• _Dataset extract_

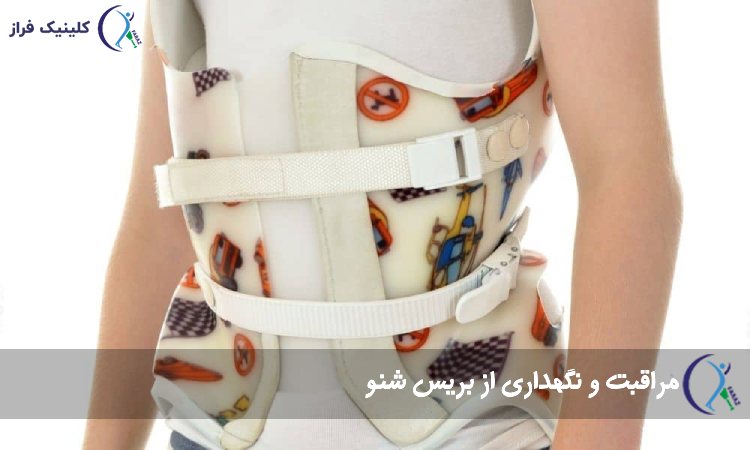 مراقبت و نگهداری از بریس شنو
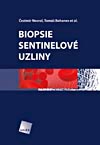 Biopsie sentinelové uzliny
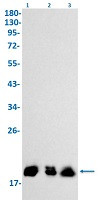 EIF4EBP1 Antibody in Western Blot (WB)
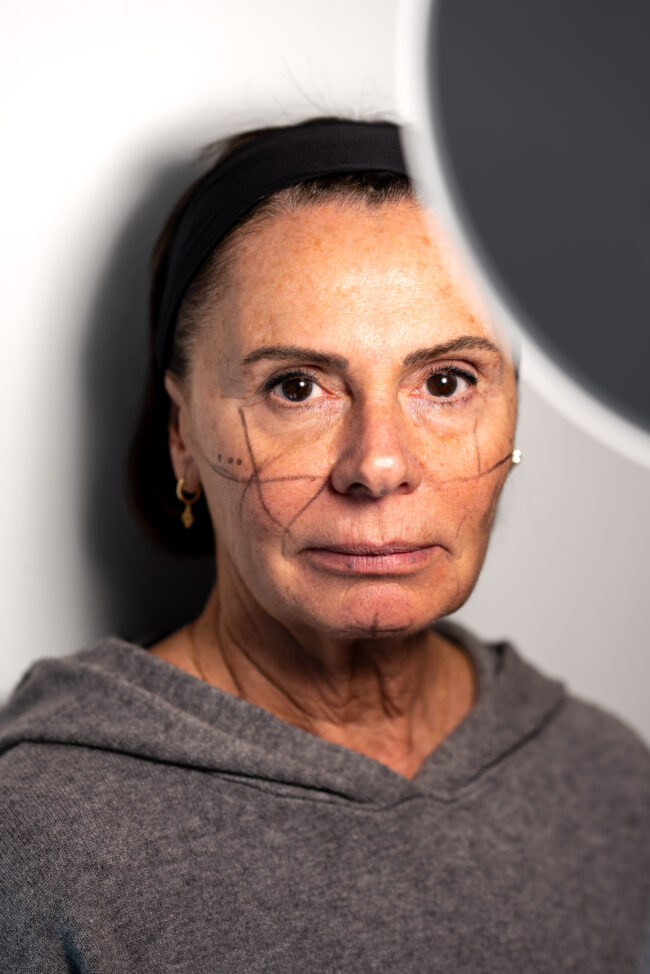 Ritratto di Signora Sottoposta a Visita di Medicina Estetica sotto una Lampada, Segni Fatti con il Gesso nel Viso.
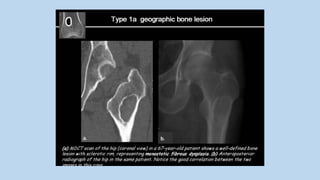 Radiological Approach To Bone Tumours | PPTX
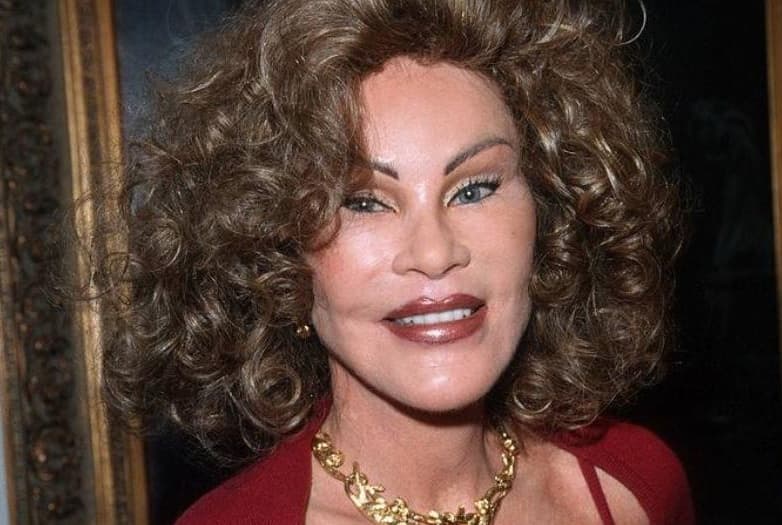 Jocelyn Wildenstein Then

• _What you should do_
An exact copy of the records above is required, leaving out the pictures.

• _Exercise output_
 مراقبت و نگهداری از بریس شنو
 Biopsie sentinelové uzliny
 EIF4EBP1 Antibody in Western Blot (WB)
 Ritratto di Signora Sottoposta a Visita di Medicina Estetica sotto una Lampada, Segni Fatti con il Gesso nel Viso.
 Radiological Approach To Bone Tumours | PPTX
 Jocelyn Wildenstein Then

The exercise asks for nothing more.